2 (bromomethyl) benzonitrile (538 mg, 2.74 mmol) was added to a solution of Compound 1 (500 mg, 2.5 mmol) in acetone (20 ml), K ₂ CO ₃ (517 mg, 3.74 mmol) . After completion of the reaction, water was added and extracted twice with DCM. The obtained organic layer was dried over anhydrous MgSO ₄ and filtered. The filtrate was concentrated under reduced pressure and purified by silica column chromatography (Hex: EA = 1: 1) to obtain Compound ( 2-e ) as a white solid (707 mg, 90%).

compound 8 Synthesis of

Compound 2-e (707 mg, 2.24 mmol) was dissolved in DCM (70 ml), TFA (1.72 ml, 22.43 mmol) was added, and the mixture was stirred at room temperature for 3 hours. After completion of the reaction, the reaction mixture was concentrated under reduced pressure, and toluene was added thereto, followed by further concentration under reduced pressure. The concentrate was suspended in diethyl ether (10 ml) and then filtered to give Compound 8 as a white solid (700 mg, 100%).

compound 21 Synthesis of

)를 얻었다(8.52g, 58%). Alpha-lipoic acid (10 g, 48.5 mmol) was dissolved in DCM (250 ml), EDC.HCl (1-Ethyl-3- (3- dimethylaminopropyl) carbodiimide hydrochloride, 13.9 g, 72.7 mmol) ≪ / RTI > NHS (N-Hydroxysuccinimide, 8.36 g, 72.7 mmol) was added thereto, and the mixture was stirred at room temperature for 3 hours. After completion of the reaction, water (200 ml) was slowly added dropwise and then extracted with DCM (50 ml x 3 times). The obtained organic layer was dried over anhydrous MgSO ₄ and filtered. The filtrate was concentrated under reduced pressure and purified by silica column chromatography (DCM: EA = 4: 1) to give lipoic acid-NHS

) (8.52 g, 58%).

The resulting lipoic acid-NHS (200 mg, 0.65 mmol) was dissolved in DCM (20 ml) and then Compound 8 (267 mg, 0.85 mmol) was added. TEA (0.5 ml, 3.29 mmol) was added thereto, followed by stirring at room temperature for 5 hours. After completion of the reaction, water was added and extracted twice with DCM. The obtained organic layer was dried over anhydrous MgSO ₄ and filtered. The filtrate was concentrated under reduced pressure, and the residue was purified by silica column chromatography (MC: MeOH = 15: 1) to obtain a yellow solid 19 (221 mg, 83%).

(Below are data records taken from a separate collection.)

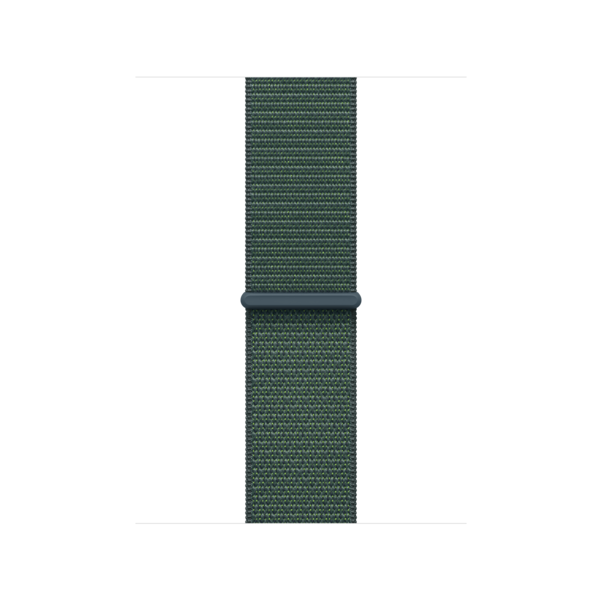 Sie sehen das Produktbild 02 von Apple Watch 42mm Sport-Loop, seegrün Apple Watch 42mm Sport-Loop, seegrün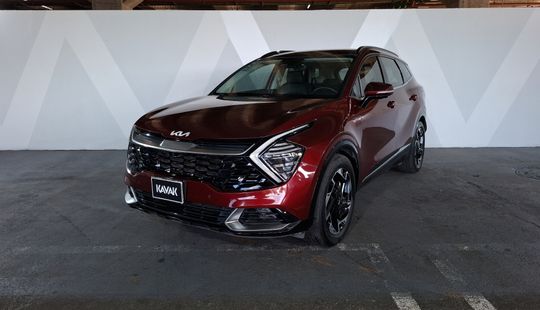 Kia • Sportage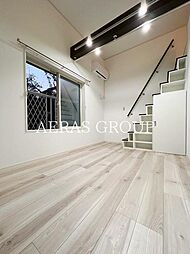 ハーミットクラブハウス 山手レジデンス 2階ワンルームのリビング/ダイニング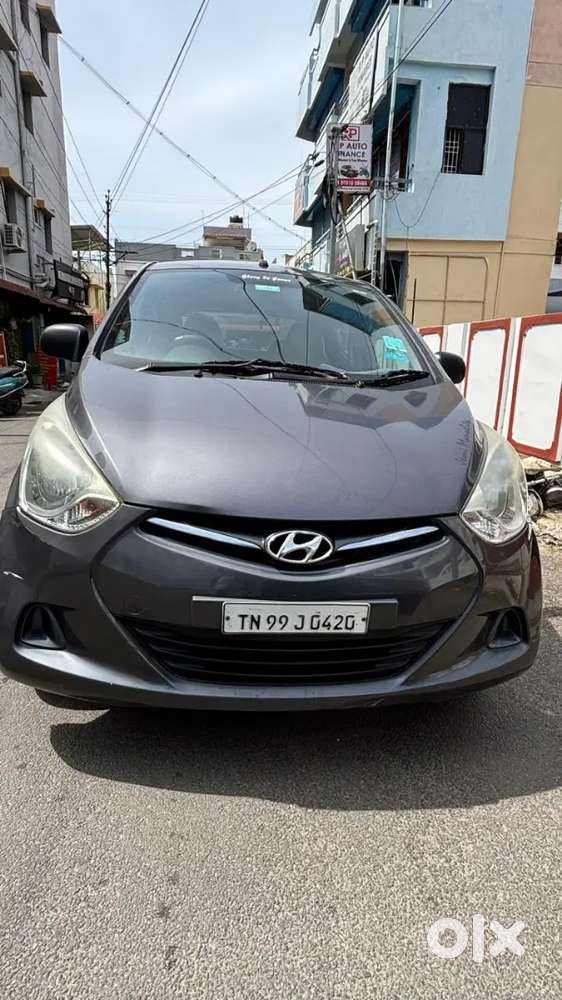 Hyundai Eon 2017 Petrol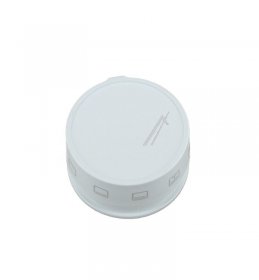 Control Knob - 9064884 Knob Electric Resistor 10502 White [Amica]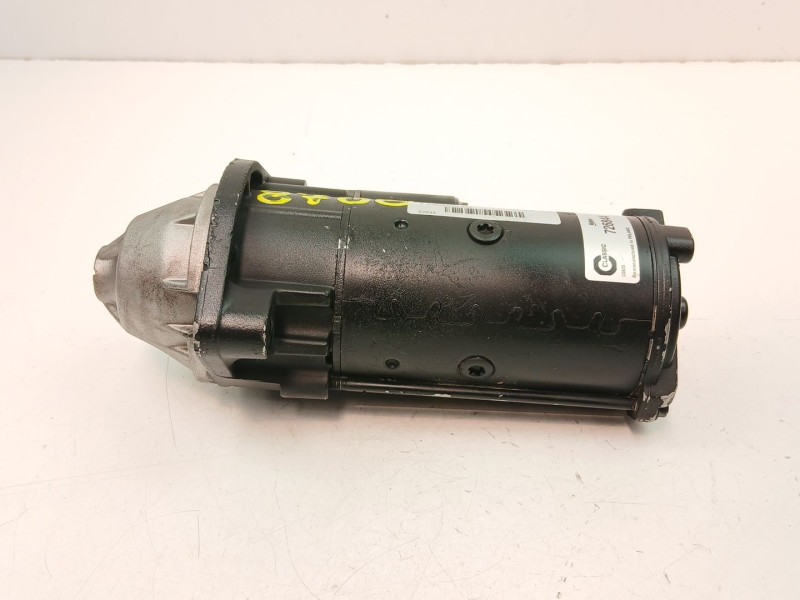 Recambio de motor arranque para audi a4 b5 (8d2) 1.9 tdi referencia OEM IAM 068911024F D7R33 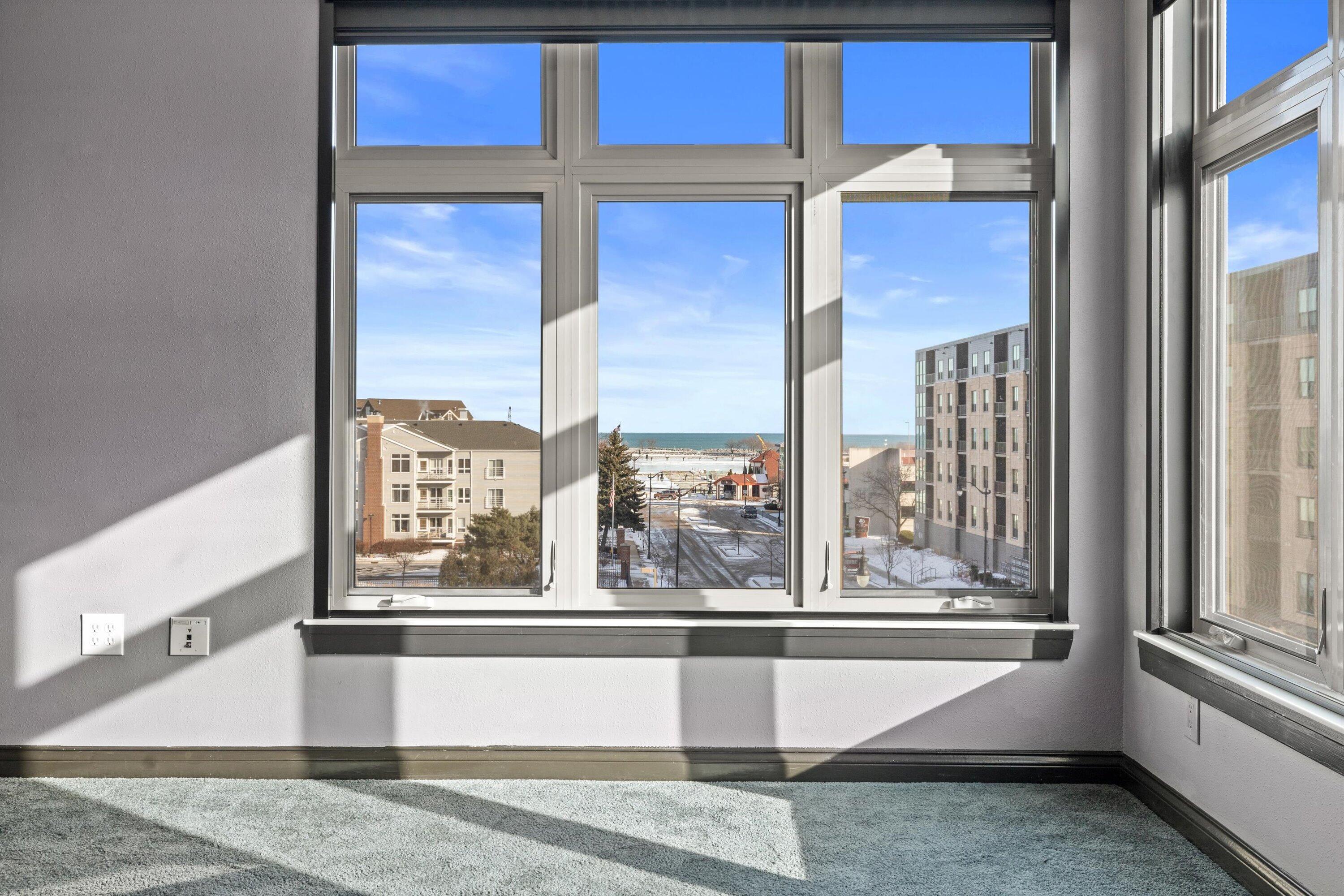 141 Main Street, Unit 430 Racine, WI 53403 - Photo 19 of 41 What a view!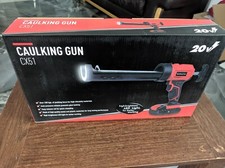 Electric Caulking Gun with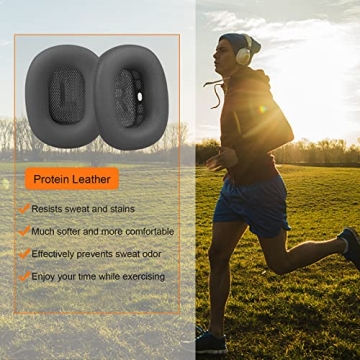 Comfort Ear Cushions for Apple AirPods Max Headphones
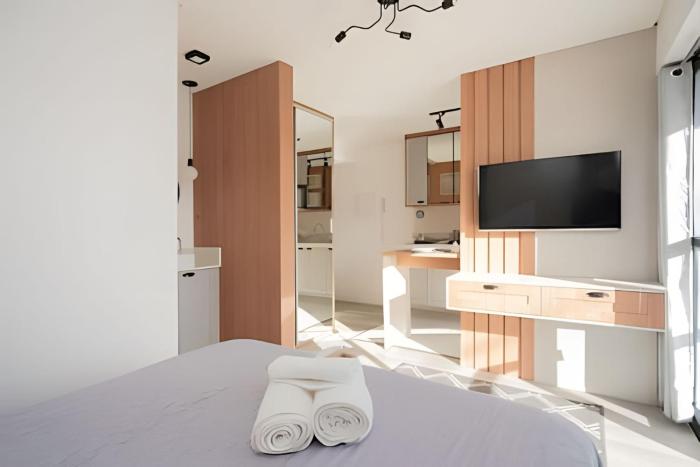 Balcony Studio | Rebouças Premium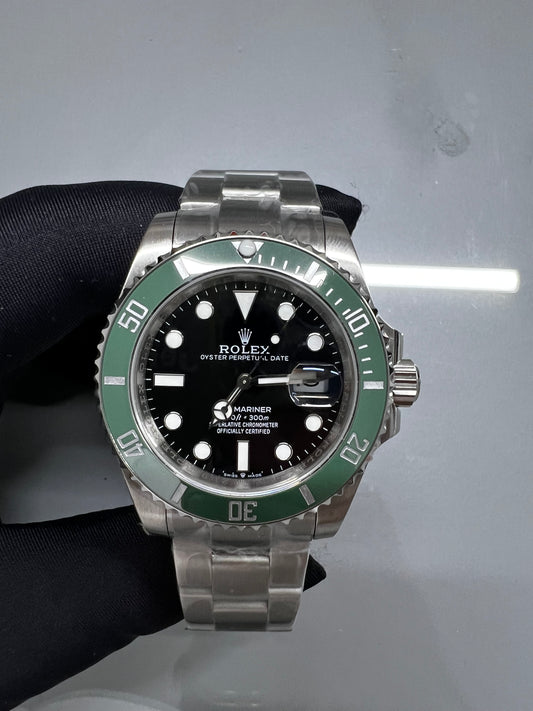 Rolex Submariner Starbucks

1.41 (m, 4H), 1.62 (m, 4H), 1.83 (m, 3H), 2.1 (t, J = 7.6 Hz, 2H), 2.2 (dt, J = 11.2 Hz, J = 2.4 Hz, 2H), 2.41 (m, 1H), 2.75 (d, J = 12.4 Hz, 2H), 3.09 (m, 2H), 3.52 (m, 1H), 3.62 (s, 2H), 3.77 (m, 1H), 5.29 (d , J = 7.6 Hz, 1H) , 7.29 (dt, J = 7.2 Hz, J = 1.2 Hz, 1H), 7.45 (d, J = 6.4 Hz, 1H), 7.49 (dt, J = 7.2 Hz, J = 1.2 Hz, < / RTI > 1H), 7.59 (dd, J = 7.6 Hz, J = 1.2 Hz, 1H); ¹³ C NMR (CDCl ₃ , 100 MHz)? 25.3, 28.7, 32.1 (2C), 34.5, 36.5, 38.4, 40.1, 46.2, 52 (2C), 56.3, 60.4, 112.9, 117.7, 127.4, 129.8, , 142.7, 171.9; ESI-MS: m / z [M + H] < ⁺ > 404.2 (calcd 403.6).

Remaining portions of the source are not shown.